The cut of “Batman Forever” that made it to theaters is just over two hours long, and centers on Carrey’s to-the-rafters comic performance as the Riddler and the introduction of Chris O’Donnell as the headstrong Dick Grayson (aka Robin). Some scenes concerning Bruce Wayne’s emotional issues did make it into the film, primarily involving psychologist Dr. Chase Meridian (Nicole Kidman) — but, alas, there’s no Man-Bat.
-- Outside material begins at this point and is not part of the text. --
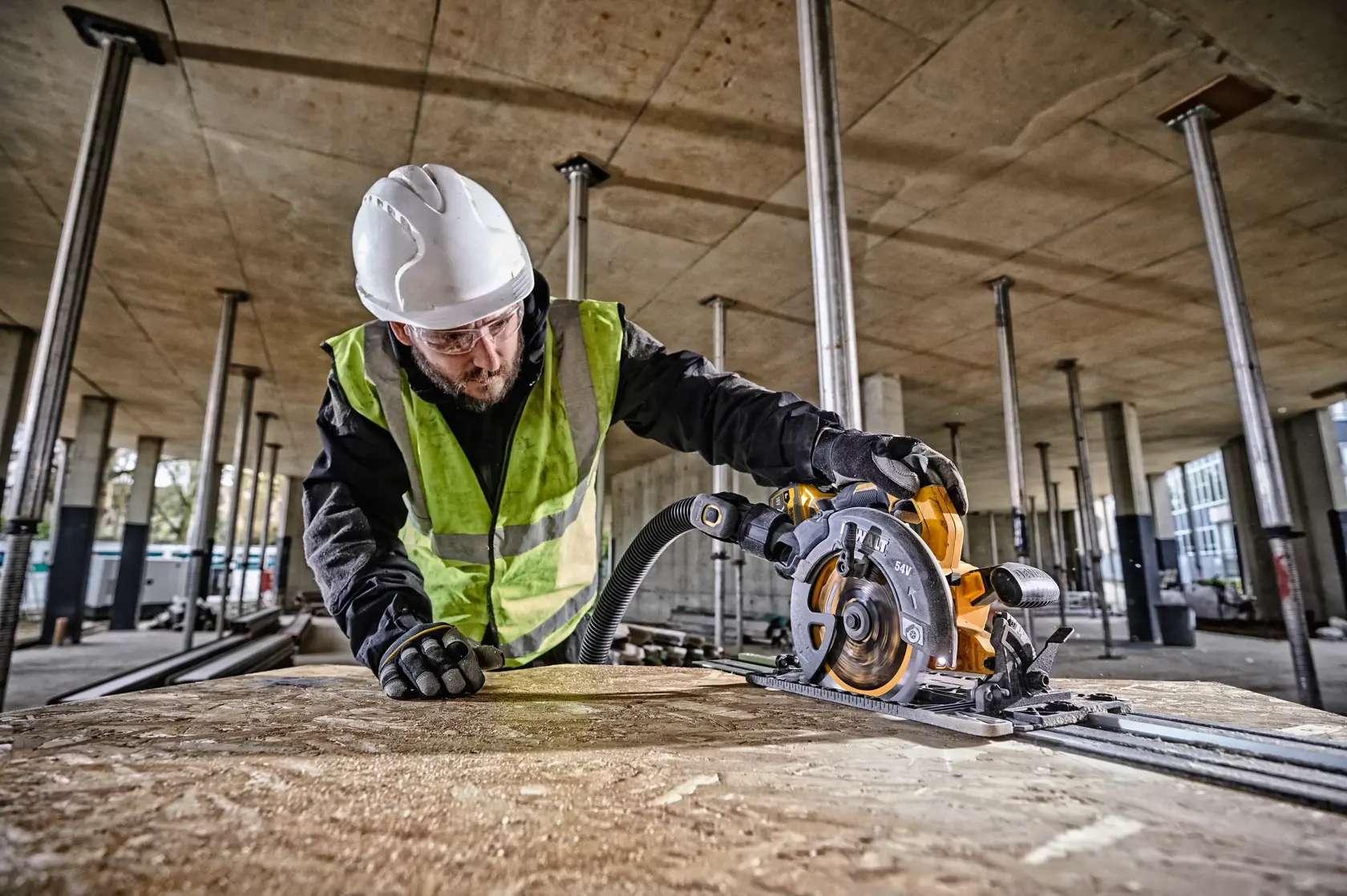 54V XR FLEXVOLT® 190 mm Rail Compatible Circular Saw - 2 x 6Ah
Aided by Carrey’s then-skyrocketing stardom, “Batman Forever” went on to be the top domestic grosser of the year, with $184 million (or just under $400 million adjusting for ticket price inflation, according to Box Office Mojo). But Schumacher’s follow-up, 1997’s “Batman & Robin” with George Clooney replacing Kilmer, was a critical and commercial abomination, and the franchise went into deep freeze until director Christopher Nolan resurrected it with a far more grounded and gritty approach in 2005’s “Batman Begins.”

Schumacher’s death in June, however, sparked a renewed appreciation for his unabashed embrace of theatrical extravagance in his Batman movies; even “Batman & Robin” has developed a cult following for its high camp excesses.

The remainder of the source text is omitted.